*What to do*
Restate the listing below word for word, pictures excluded.

*Extracted information*

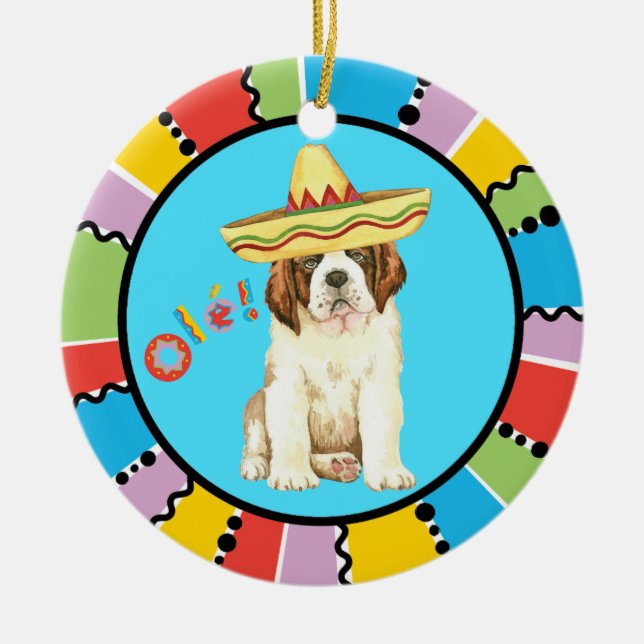Fiesta St Bernard Ceramic Tree Decoration (Front)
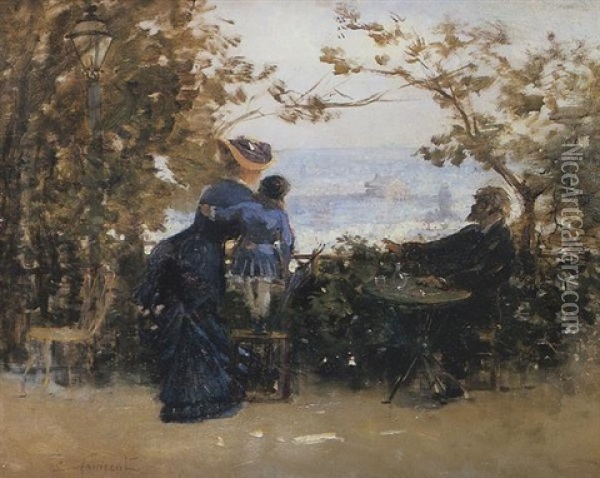Au Cafe Sur Les Hauteurs De Montmartre Oil Painting - Gustave Maincent
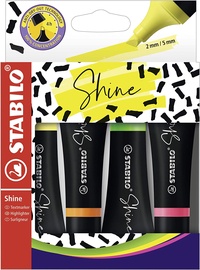 Marker Stabilo Shine, 2 - 5 mm, kollane/roheline/oranž/roosa, 4 tk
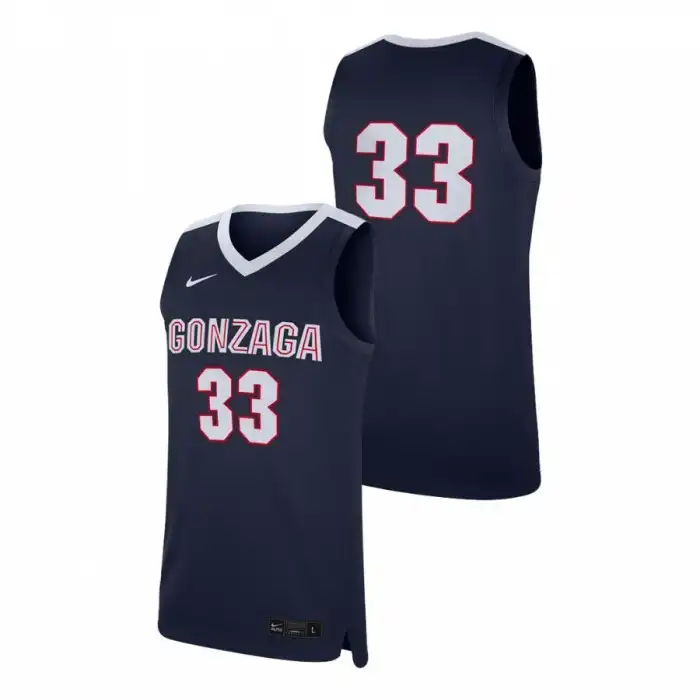 Men's Gonzaga Bulldogs Number #33 Replica Navy College Basketball Jersey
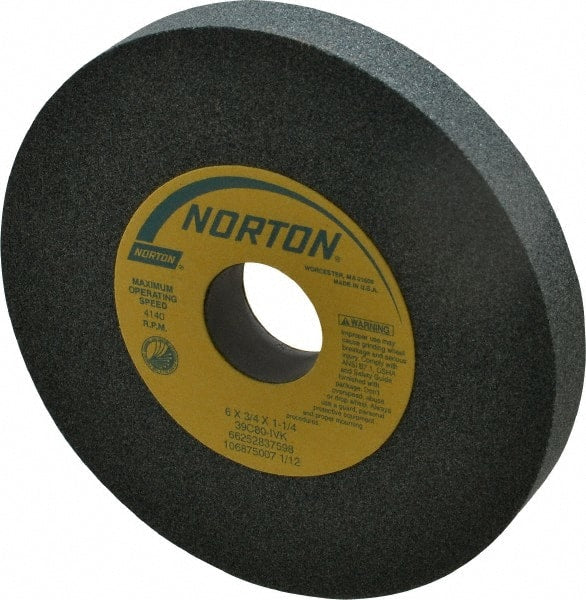 Norton - 6" Diam x 1-1/4" Hole x 3/4" Thick, I Hardness, 80 Grit Surface Grinding Wheel - Silicon Carbide, Type 1, Medium Grade, 4,140 Max RPM, Vitrified Bond, No Recess - Exact Tooling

*Task response*
Fiesta St Bernard Ceramic Tree Decoration (Front)
Au Cafe Sur Les Hauteurs De Montmartre Oil Painting - Gustave Maincent
 Marker Stabilo Shine, 2 - 5 mm, kollane/roheline/oranž/roosa, 4 tk
 Men's Gonzaga Bulldogs Number #33 Replica Navy College Basketball Jersey
 Norton - 6" Diam x 1-1/4" Hole x 3/4" Thick, I Hardness, 80 Grit Surface Grinding Wheel - Silicon Carbide, Type 1, Medium Grade, 4,140 Max RPM, Vitrified Bond, No Recess - Exact Tooling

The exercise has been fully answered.